Annuisce sbadatamente,
mentre già mi sta baciando il collo e io sto perdendo di
nuovo la connessione con la mia rete neurale.
«Porc…
Sapevo dall’inizio che sarei impazzito per te.»
Solo la mia parte bruta
sa quanto vorrei chiederle di non fermare la sua corsa mentre con i
baci scende verso il mio ventre, di non fermarsi arrivata ai jeans, di
slacciarli in fretta e iniziare a fare l’amore immediatamente
perché il desiderio di lei mi sta distruggendo. Non lo
faccio e non mento se dico che non mi pesa. Voglio solo che lei stia
bene.
Mi da un nuovo bacio
sulle labbra, poi si ferma a guardarmi negli occhi. Nonostante la fioca
illuminazione stavolta non ho dubbi che sia arrossita, mentre la vedo
mordersi le guance.
«Che
c’è, bimba?» Non so perché
l’ho chiamata così, forse perché in
questo momento lo sembra un po’.
«Prima di
andare avanti, credo che ci sia una cosa che devo dirti.»
Le do un bacio sul naso.
Chiamo a raccolta tutta la mia buona volontà per placare il
desiderio e non farmi influenzare dal fatto che sia in un letto semi
nuda con me… e voglia parlare proprio adesso.
«Ti
ascolto.» Sorrido.
«So che magari
non ti sembrerà il momento più appropriato,
ma...» si morde ancora le guance.
«Ram, se
c’è qualsiasi cosa che ho fatto che non ti
è andata a genio, dimmelo.

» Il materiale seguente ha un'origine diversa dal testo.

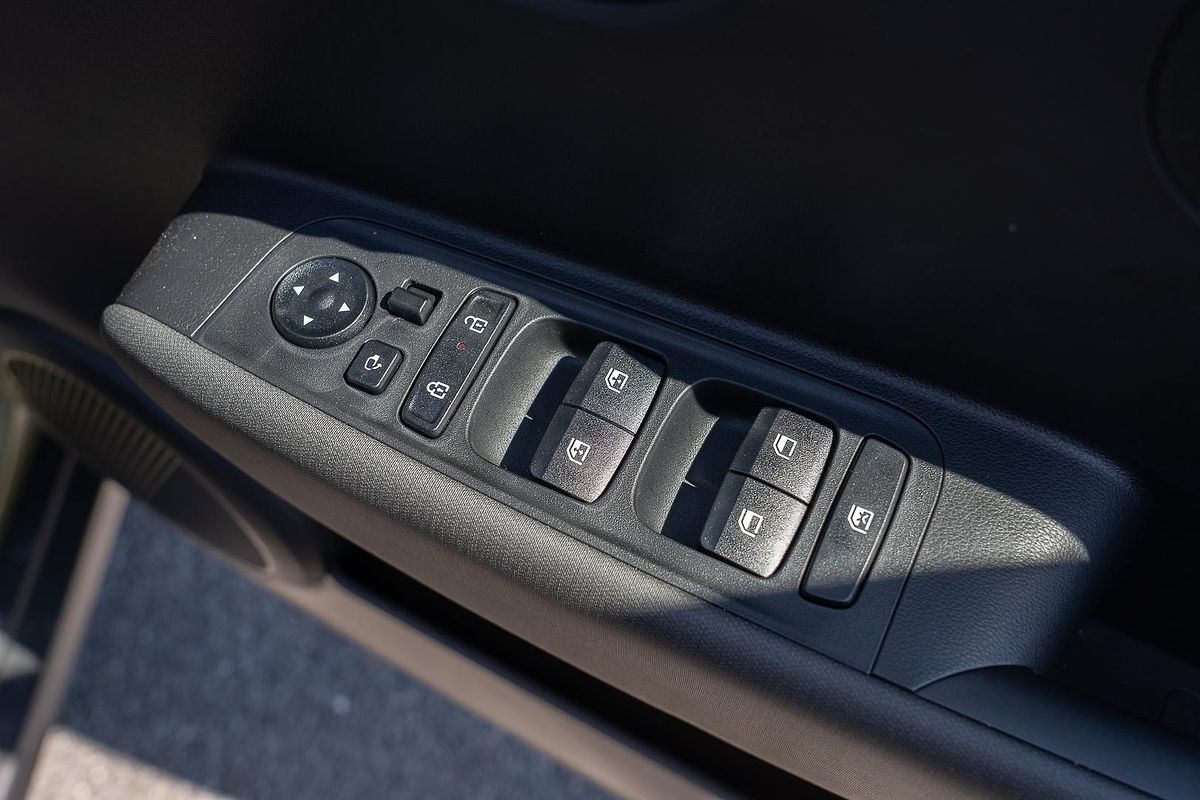 2025 Hyundai INSTER Cross AX.V1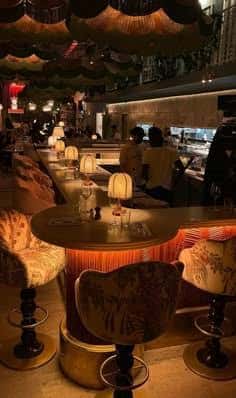 Interior del Chica Club Barcelona con ambiente acogedor y decoración elegante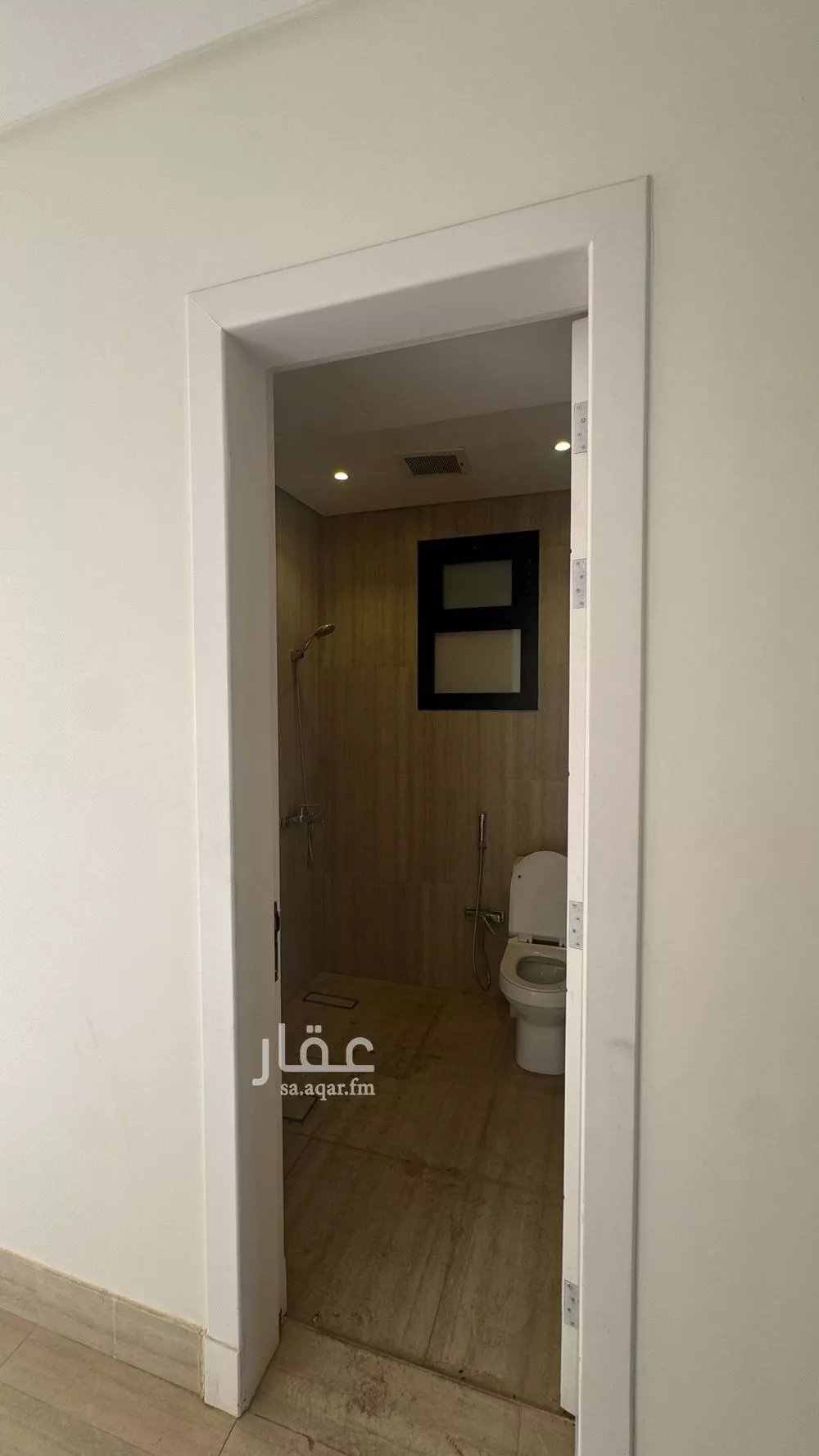 شقة 3 غرف في الرمال 4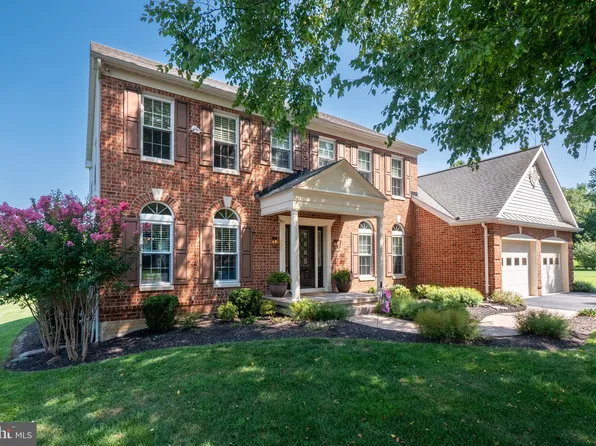 43 Balmoral Dr, Chadds Ford, PA 19317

Io voglio solo che tu stia
bene.»
«Lo so, certo.
Proprio per questo devo dirtelo. Non hai fatto niente che non va, ma
è necessario che tu sappia una cosa e te l’ho
tenuto nascosto fin troppo visto...» si guarda intorno e crea
un piccolo circolo in aria tenendo l’indice teso, indicando
il perimetro della stanza «...la situazione in cui mi sono
decisa a dirtelo.»
«Credo che sia
tardi per dirmi che in realtà sei un uomo.» Cerco
di buttarla sul ridere, ma il suo discorso mi sta facendo un
po’ spaventare davvero.
Ride, ci sono riuscito.
Mi da un veloce bacio all’angolo delle labbra.
«Sono una
donna, non preoccuparti. Solo che… so che può
sembrare strano, ma... sono ancora vergine.»